A casa de dois andares com piscina e jardim de Sonia Ferreira na costa brasileira foi mais uma vítima do avanço das ondas do Oceano Atlântico, impulsionadas pelas mudanças climáticas.
Em uma visita recente, a aposentada de 80 anos olhou ao redor do monte de escombros deixados pela casa que abandonou antes de ser destruída em 2022 pelas ondas fortes em Atafona, norte do Rio de Janeiro.
“Evitei voltar aqui porque temos muitas lembranças. É muito triste”, disse ela, mostrando no celular imagens da casa que construiu há 45 anos.
O aquecimento global, aliado ao assoreamento do Rio Paraíba, contribuiu para a erosão do litoral de Atafona e causou a destruição de 500 casas, incluindo o desabamento de um prédio de quatro andares à beira-mar.
Esta é apenas uma das inúmeras comunidades litorâneas que perdem suas batalhas para o oceano em toda a extensão dos 8.500 quilômetros de costa atlântica do Brasil.
O nível do mar subiu 13 centímetros na região em torno de Atafona nos últimos 30 anos e poderá subir mais 16 centímetros até 2050, de acordo com o relatório das Nações Unidas “Mares agitados num mundo em aquecimento”, divulgado no mês passado.
Corrida oceânica em direção às comunidades costeiras
Áreas costeiras como Atafona poderão ver o oceano avançar para o interior em até 150 metros nos próximos 28 anos, disse Eduardo Bulhos, geógrafo marinho da Universidade Federal Fluminense.
“A combinação das alterações climáticas e do aquecimento global… com um rio que já não transporta areia para as praias de Atafona, causou uma catástrofe para os seus residentes e não há esperança de que esta situação seja revertida”, disse à Reuters.
Embora dramática, a situação de Atafona não é única no Brasil.
A praia de Ponta Negra, um dos balneários mais populares do nordeste do Brasil, também está encolhendo. Nas últimas duas décadas, perdeu 15 metros de areia branca para o mar.

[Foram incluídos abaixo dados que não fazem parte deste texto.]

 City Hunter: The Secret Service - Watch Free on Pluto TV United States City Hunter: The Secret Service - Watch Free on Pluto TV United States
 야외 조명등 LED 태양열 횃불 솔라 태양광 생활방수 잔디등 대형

O governo local está trazendo areia de outros lugares, num esforço dispendioso para recuperar a praia.
Na foz do poderoso rio Amazonas, um ecossistema frágil está ameaçado pela perda de biodiversidade, uma vez que o rio perdeu força na seca mais severa de que há registo na região, deixando a água salgada do oceano avançar rio acima.
“A água salgada chega mais acima no rio e isso vai mudar toda a biodiversidade daquela área”, disse o oceanógrafo Ronaldo Christofoletti, da Universidade Federal de São Paulo.
No ano passado, a água salgada chegou rio acima até Macapá, uma cidade a 150 quilómetros da foz do Amazonas, matando peixes de água doce e impactando as comunidades piscatórias locais.
Mudanças climáticas causam enorme aumento no nível do mar
O Painel Intergovernamental sobre Alterações Climáticas (IPCC), o órgão da ONU que avalia a ciência relacionada com as alterações climáticas, informou que o nível do mar está a subir mais rapidamente do que nunca, com a taxa mais do que duplicando nos últimos 10 anos, para 0,48 centímetros por ano, em comparação com para 0,21 centímetros anualmente de 1993 a 2002.
Christofoletti disse que a perda de terras nas cidades costeiras e nas praias é inevitável com a subida do mar, questionando por que o planeamento urbano não se adaptou.
“É chocante ver casas sendo destruídas em Atafona. Mas não era suposto construir casas lá. Deveria ter mata, mangal, banco de areia, ecossistemas que estariam naturalmente preparados para aguentar o mar”, disse.